Bien que Tanabe soit avant tout un peintre, il ne préconise pas pour autant le développement d’une seule forme d’art. Tout au long de son séjour à la Banff School of Fine Arts, Tanabe est un mentor important pour une variété d’artistes travaillant dans un large éventail de moyens d’expression et de sujets, notamment Alex de Cosson (né en 1953), Jack Jeffrey, Cathryn McEwen, Annette Lodge, Marsha Stonehouse et Barrie Szekely. À la lumière de son énorme engagement dans le programme, la rigueur et le volume de la production artistique de Tanabe au cours de cette période sont surprenants. C’est à cette époque que l’artiste crée des œuvres telles que The Land 22/77 (La terre 22/77), 1977, et The Dark Land 3/80 (La terre sombre 3/80), 1980 — deux de ses tableaux les plus audacieux représentant le paysage figurant la prairie.

 

Takao Tanabe, The Dark Land 3/80 (La terre sombre 3/80), 1980, acrylique sur toile, 83,1 x 139,7 cm, Mira Godard Gallery, Toronto.

 

Tanabe souhaite trouver un équilibre entre le difficile travail de gestion de l’école et donner accès à des expériences utiles pour les communautés étudiante et professorale. C’est ainsi que sous sa direction, la Walter Phillips Gallery est inaugurée en 1976, et constitue un espace d’exposition professionnel pour l’ensemble de la communauté de Banff et un lieu de rencontre important pour les artistes d’ici et d’ailleurs. Tanabe revitalise l’école tout au long des années 1970 et aujourd’hui, le Centre des arts de Banff (comme on l’appelle maintenant) jouit d’une réputation internationale et est l’une des principales institutions artistiques, culturelles et éducatives du Canada.

 

Après avoir quitté Banff, Tanabe devient un soutien important pour plusieurs artistes pratiquant à Vancouver. Comme le note Landon Mackenzie (née en 1954) : « Tak a été un mentor important qui m’a aidée à devenir une artiste sérieuse et à être généreuse avec mes pairs, m’encourageant à jouer un rôle de leader lorsque c’est nécessaire, dans la célébration et la reconnaissance d’autres artistes qui ont accompli quelque chose. »

 

 

Engagement et renommée

La gouverneure générale Adrienne Clarkson remet à Takao Tanabe le Prix du Gouverneur général en arts visuels et en arts médiatiques lors d’une cérémonie à Rideau Hall, Ottawa, 2003, photographie de Dave Chan.

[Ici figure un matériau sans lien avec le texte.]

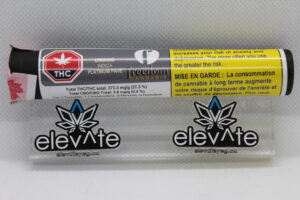 Freedom Cannabis Unwind (INDICA) 3 x 0.5g Pre Rolls
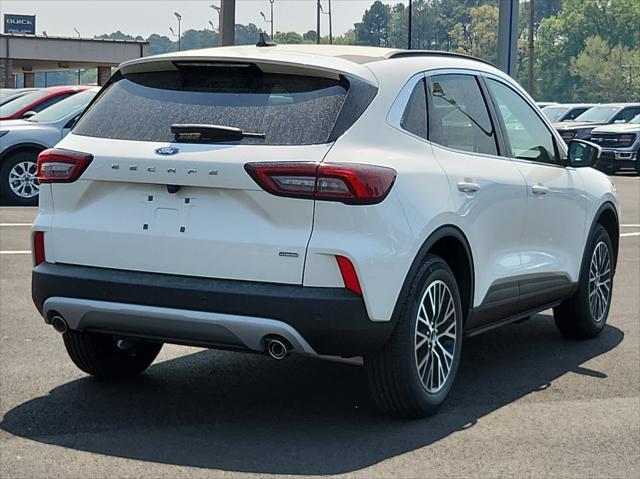new 2025 Ford Escape PHEV car, priced at $40,875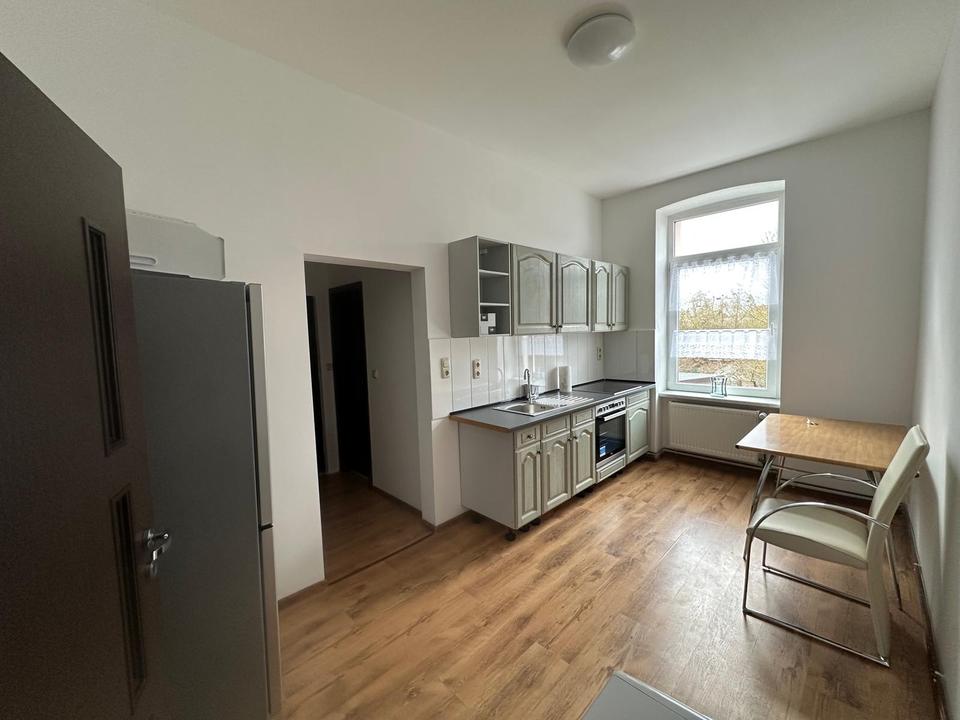 Thumbnail-Gemütliche 1-Zimmer-Wohnung in Schwerin – Möbliert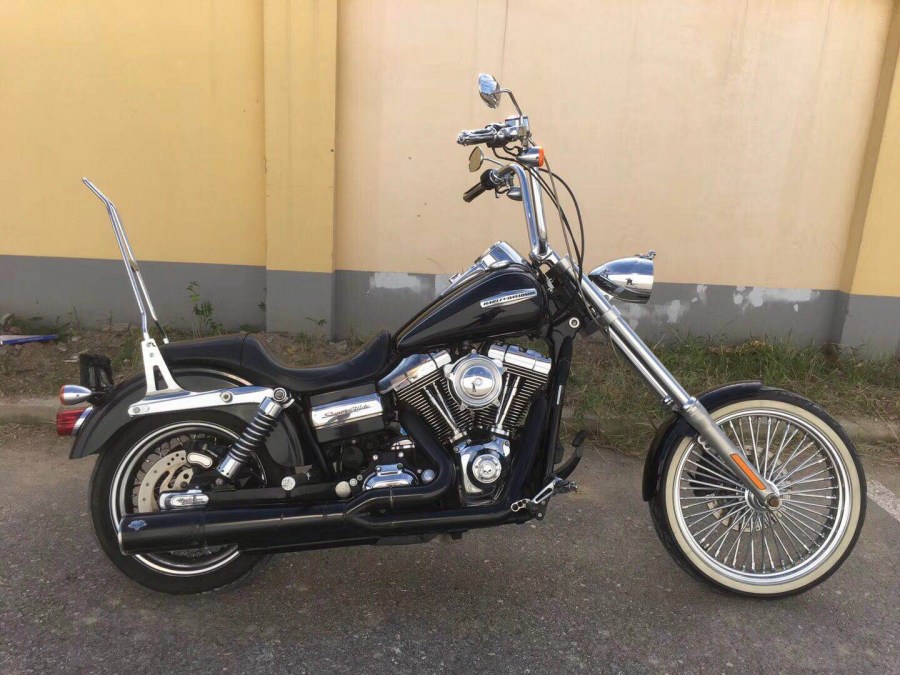 大贸京B 哈雷黛娜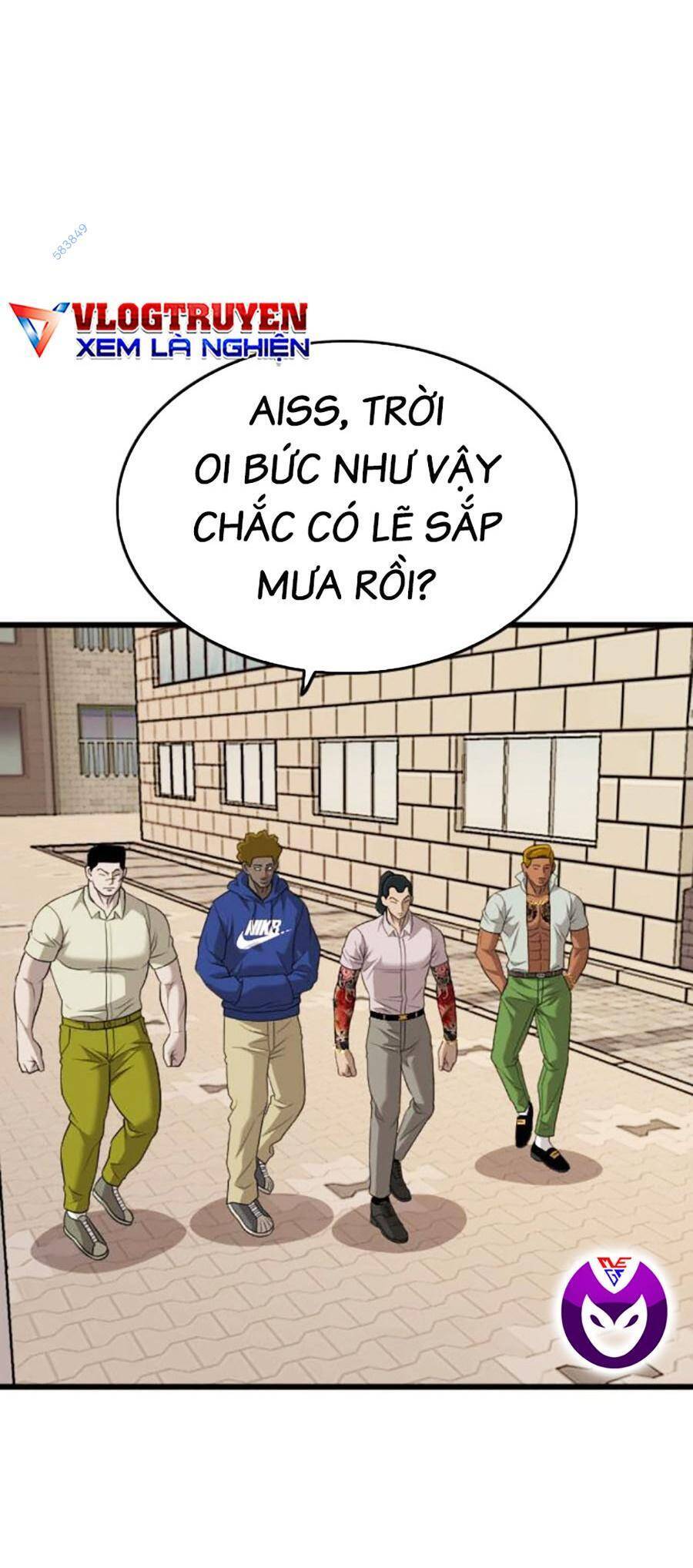 Người Xấu Chap 183 - Next Chap 184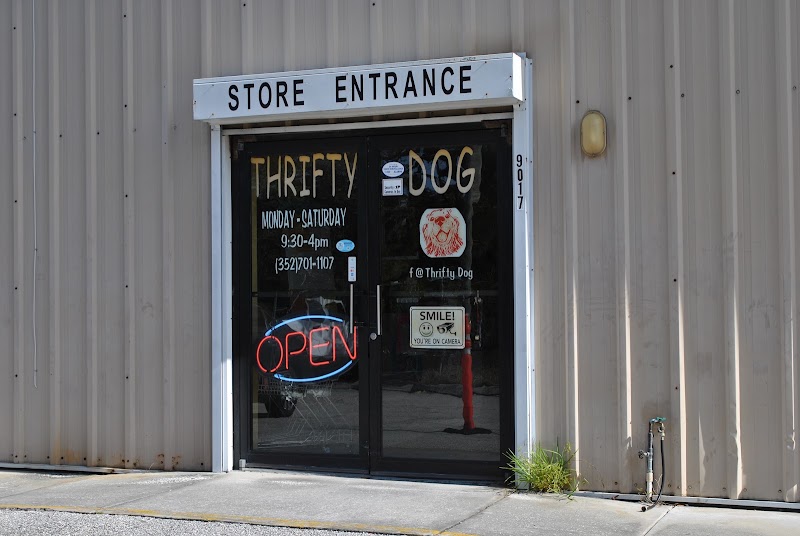 Photo of Thrifty Dog Thrift Store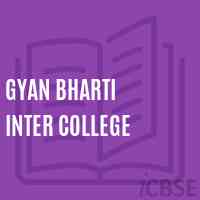 Gyan Bharti Inter College High School Logo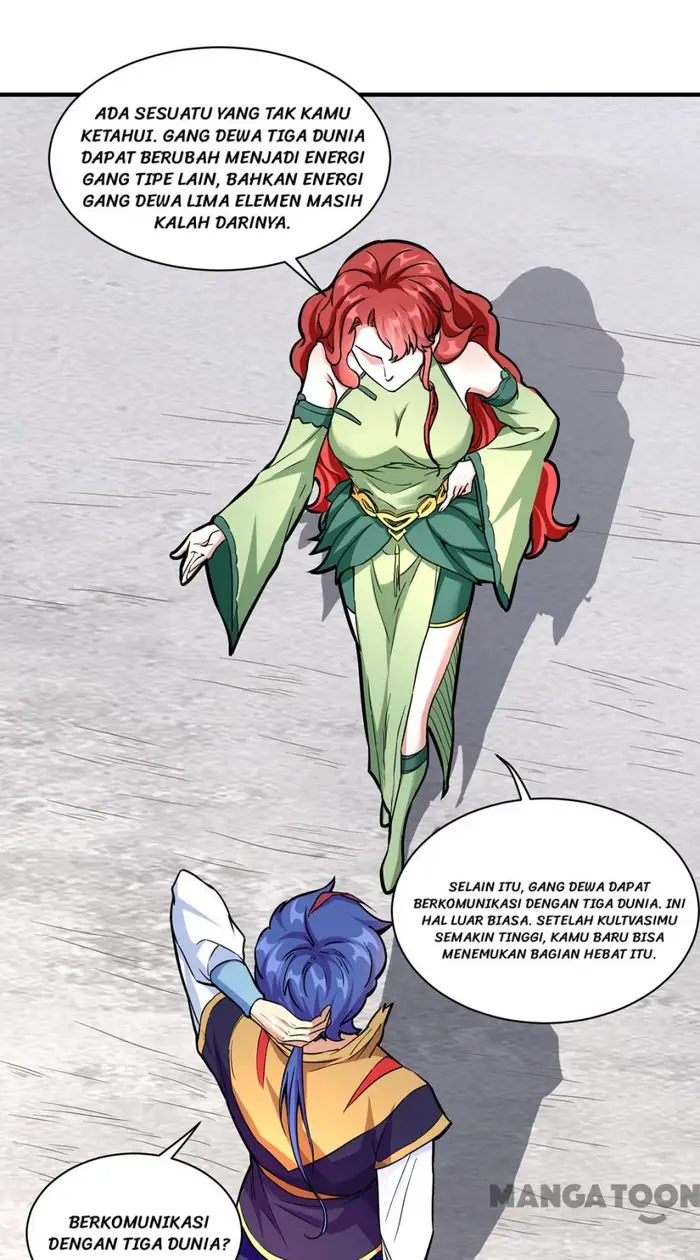 Martial Arts Reigns Chapter 432 - halaman 16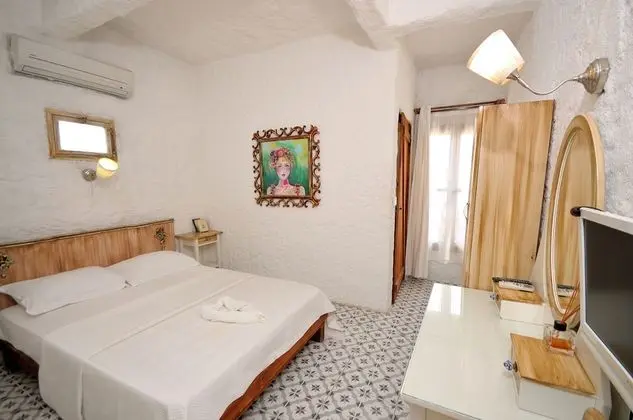 Afet Hanım Konağı Alaçatı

Outre son dévouement en tant qu’éducateur, Tanabe est également reconnu pour son soutien exceptionnel envers les arts visuels. Dans les années 1990, il entreprend une campagne de sollicitation auprès de particuliers et d’institutions partout au pays dont le Conseil des arts du Canada pour obtenir la création des Prix du Gouverneur général en arts visuels et en arts médiatiques. Lancés en 1999, ces prix comptent parmi les plus prestigieux au pays, récompensant les réalisations artistiques, l’excellence dans les métiers d’art et les contributions à l’art contemporain. En 2003, Tanabe est l’une des personnes lauréates du prix.

 

Il joue également un rôle déterminant dans l’instauration du Prix Audain, qui récompense les artistes de la Colombie-Britannique pour l’ensemble de leur œuvre en arts visuels. Décerné pour la première fois en 2004, Tanabe en est le lauréat en 2013. Les autres prix qu’il contribue à créer dans la province, par l’entremise de la Art Gallery of Greater Victoria, et à Ottawa, par l’entremise du Musée des beaux-arts du Canada, témoignent de l’impact de son leadership et de sa générosité envers les prochaines générations.

 

Bien qu’il expose beaucoup tout au long de sa carrière, ce n’est qu’en 2005 qu’une importante rétrospective, Takao Tanabe, est organisée par le Musée des beaux-arts de Vancouver et la Art Gallery of Greater Victoria. Inaugurée à Victoria, l’exposition circule ensuite au Musée des beaux-arts de Vancouver, au Musée des beaux-arts de la Nouvelle-Écosse à Halifax et à la Collection McMichael d’art canadien à Kleinburg, en Ontario. La variété des œuvres révélées par la rétrospective surprend une bonne part du public. La critique Robin Laurence souligne « l’évolution de la relation de Tanabe avec le langage de l’abstraction », ses « représentations subtiles et évocatrices de la prairie canadienne » et ses « paysages pluvieux, gris et mystérieux qui évoquent à la fois la création primordiale et la conscience primitive ». Une deuxième rétrospective d’œuvres sur papier (à l’exclusion des estampes), intitulée Chronicles of Form and Place: Works on Paper by Takao Tanabe/Chroniques de forme et de lieu : œuvres sur papier de Takao Tanabe, est organisée par la Burnaby Art Gallery et le McMaster Museum of Art en 2011. Comme le révèlent toutes ces expositions, l’art de Tanabe remet continuellement en question nos suppositions sur son œuvre, le paysage et la façon dont nous voyons le monde.

 

Takao Tanabe, Marsh Magenta (Marais magenta), 1964, acrylique sur papier, 78,1 x 58,4 cm, Mira Godard Gallery, Toronto.
Takao Tanabe, Moni Vatopedi, Mount Athos (Moni Vatopedi, Mont Athos), 1955, pastel sur papier, 31,3 x 48,3 cm, Musée des beaux-arts de Vancouver.